Vorgeworfen wird ihr "Nachlässigkeit" in dem Finanzskandal um den Geschäftsmann und früheren Politiker Tapie, der im Jahr 2008 von der französischen Staatskasse mit 405 Millionen Euro abgefunden worden war, davon allein 45 Millionen Euro als steuerfreies Schmerzengeld. Die Entschädigung erfolgte nach einer Klage Tapies, nachdem 1993 die damals staatliche Bank Crédit Lyonnais auf seinen Auftrag hin seine Anteile am Sportartikelhersteller Adidas verkauft, diese über Umwege aber selbst erworben und für einen deutlich höheren Preis weiterverkauft hatte. Möglich gemacht hatte sie das Urteil eines privaten Schiedsgerichtes, dessen Unabhängigkeit in Frage steht. Sowohl Tapie selbst als auch der mit ihm befreundete damalige Präsident Nicolas Sarkozy und sein Umfeld stehen im Verdacht, die Richter beeinflusst zu haben. Einträge in ihren Terminkalendern beweisen mehrmalige Treffen im Vorfeld der Entscheidung. Vermutet wird, dass Tapie eine Wahlempfehlung für Sarkozy abgegeben hatte, weil er sich dessen Intervention erhoffte.

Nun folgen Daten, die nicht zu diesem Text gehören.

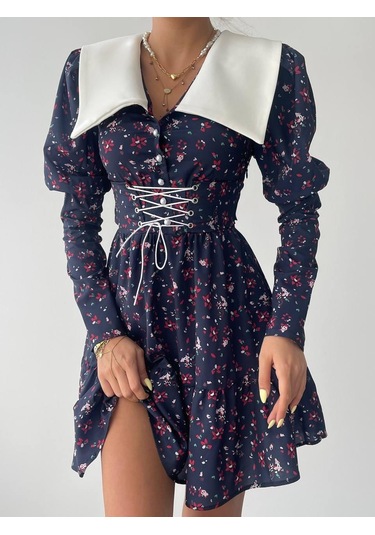 Dreamy İp Detaylı Mini Elbise S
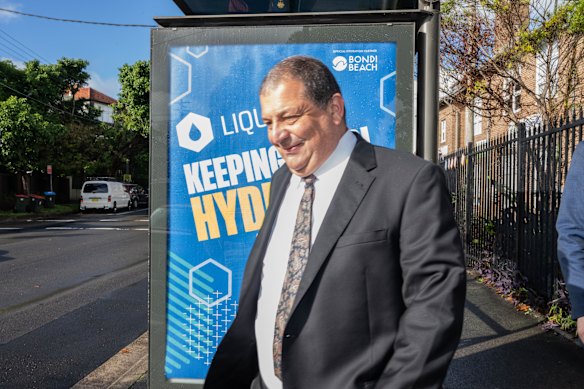 Merivale VIP Matthew Palavidis arriving at Waverley local court on Friday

Lagarde war damals französische Wirtschafts- und Finanzministerin und hatte das außergerichtliche Schiedsverfahren entgegen dem ausdrücklichen Rat von Experten akzeptiert, obwohl es sich um beträchtliche Staatsgelder handelte. Auf einen Einspruch verzichtete sie. Zu ihrer Verteidigung erklärte sie, sie habe dem jahrelangen Rechtsstreit ein Ende setzen wollen und nicht im Auftrag Sarkozys gehandelt. Allerdings wurde bei ihr ein zweideutiger Brief an den früheren Staatspräsidenten gefunden, in dem sie anbot: "Benutze mich während der Zeit, die dir passt, die zu deiner Aktion und deinem Casting passt."

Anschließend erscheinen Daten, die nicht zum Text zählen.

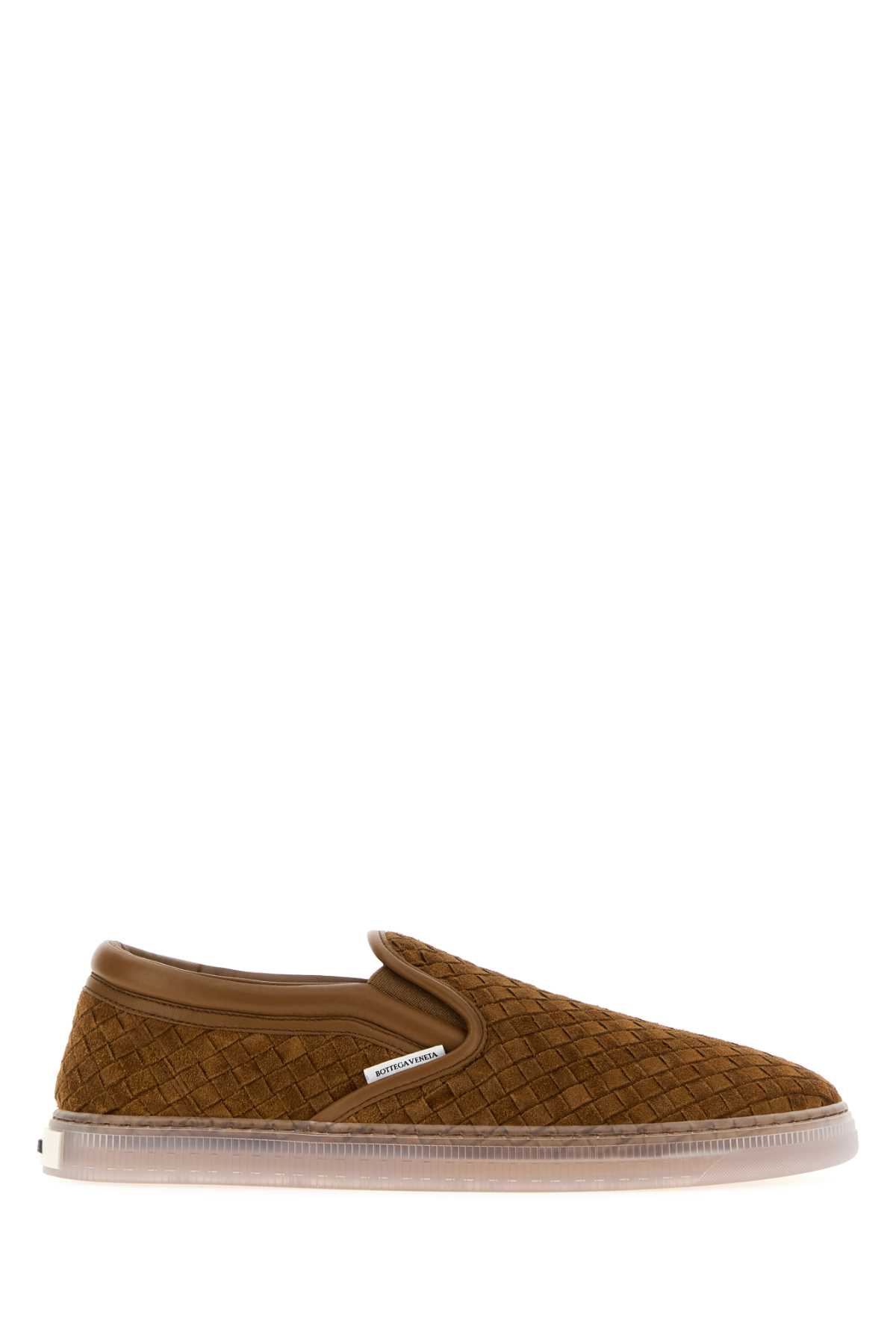 Bottega Veneta Brown Suede Serena Sneakers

Lagarde schließt ihren Rücktritt als IWF-Chefin aus
Einen Rücktritt von der Spitze des IWF schloss Lagarde am Mittwoch aus, da sie die Vorwürfe für völlig unbegründet halte. "Ich kehre diesen Nachmittag zurück nach Washington, um zu arbeiten", erklärte sie nach ihrer Anhörung, der mittlerweile vierten in der Affäre. Außerdem kündigte die IWF-Chefin an, Berufung einzulegen.

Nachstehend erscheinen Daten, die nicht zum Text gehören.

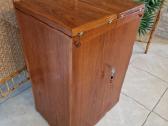 Vintažinis mid century tikmedžio baro spintelė - nuotraukos Nr. 9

Ermittlungsverfahren laufen bereits gegen fünf weitere Personen, darunter Lagardes damaligen Büroleiter und heutigen Chef des Telekommunikationsunternehmens Orange (früher France Télécom), Stéphane Richard, sowie gegen Tapie selbst. Dem umstrittenen Medienunternehmer und Geschäftsmann, der unter François Mitterrand kurzzeitig Minister war und einst den französischen Fußballklub Olympique Marseille führte, wird "bandenmäßiger Betrug" vorgeworfen. Einen Teil seines Vermögens hat die Justiz beschlagnahmt, nachdem der Staat 2013 Revision gegen das Schiedsurteil eingelegt hatte. Die brisante Affäre könnte auch Ex-Präsident Sarkozy noch gefährlich werden - zumal es nicht die einzige ist, die ihn in den Fokus der Ermittler bringt.